Health

South Africa: Gauteng Health Exceeds Target for Surgical Marathons


Gauteng Health and Wellness MEC Nomantu Nkomo-Ralehoko has commended the various teams that worked on Nelson Mandela Day surgical marathons, for ensuring that the department exceeds the target of 700 procedures.

Nkomo-Ralehoko said as at 7pm on Tuesday, 720 elective surgeries were carried out by the 32 facilities that took part in the marathons.

A total of 724 surgeries were conducted on the day.

“It is a job well done to the whole team. We set ourselves a target and we have been able to surpass that target. This milestone is a clear demonstration of the capacity we have within the Gauteng healthcare system.

“This demonstrates what can be achieved when we partner with multiple stakeholders to tackle issues confronting the healthcare system.

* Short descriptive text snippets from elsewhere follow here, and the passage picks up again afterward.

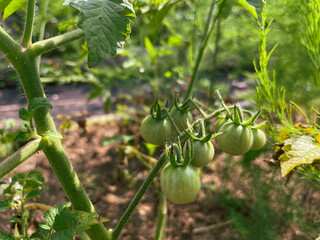 
Close-up of cherry tomatoes ripening in the vegetable garden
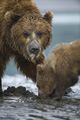 Alaskan Coastal Brown Bear Clamming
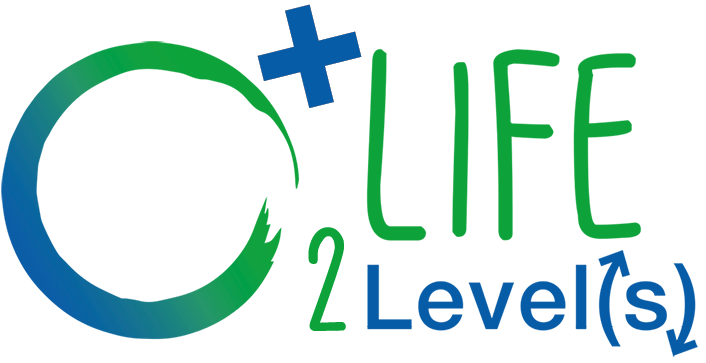 Logo More Life 2 Levels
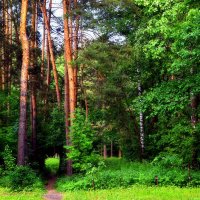 Чем дальше в лес, тем больше дров и пусть,  я леса этого нисколько не боюсь! :: Татьяна Помогалова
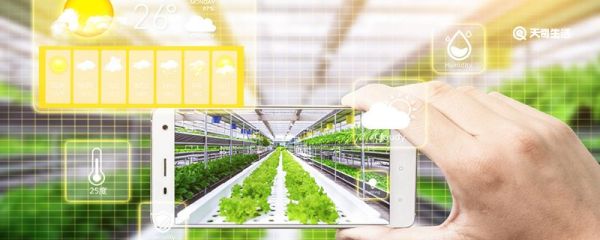 騰訊視頻hd和騰訊視頻有什么區(qū)別 騰訊視頻HD和騰訊視頻的區(qū)別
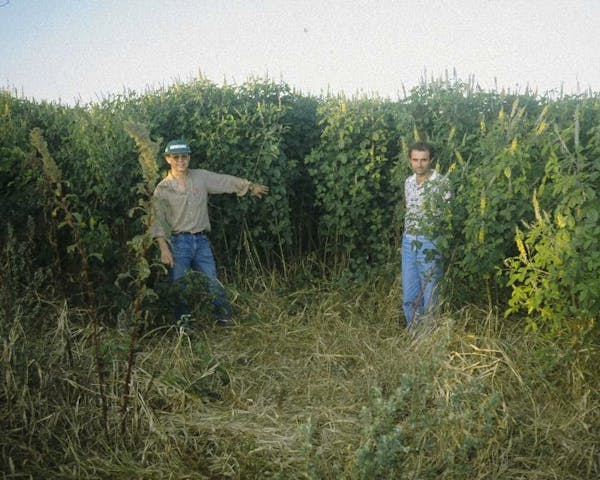 Smallholder farmers case study 3: conservation agriculture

The challenge we have set for the team now is replicating this success regularly through a series of marathons until we have eliminated the backlog,” an elated Nkomo-Ralehoko said.

In response to the call to action, health workers, including doctors and medical specialists from 32 Gauteng health facilities joined the globe in commemorating International Mandela Day, by participating in a massive surgical marathon, where over 700 elective surgeries were conducted on patients who have been on the waiting list.

Hundreds of patients, who had been waiting to undergo surgical procedures ranging from plastic surgery, neurosurgery, urology, orthopaedics, hernia repair, prostate biopsy, colostomy closures and many others, had their dignity restored as they were operated on.

The department said the surgical marathons aim to reduce the backlogs currently facing the province, when it comes to surgeries.

The department said at the beginning of the year, 32 000 patients were waiting surgical procedures, and they have managed to reduce the backlog to about 18 000 patients awaiting surgical procedures.

Gauteng Health Department spokesperson, Motalatale Modiba, said the surgical marathons are more than just reducing the backlogs, but most importantly, “they are about restoring dignity to hundreds of patients whose lives have been impacted by their medical condition.”

“The aim is to see how far we can push this so that even beyond the Mandela Day, we are able to continue running these surgical marathons,” Modiba said.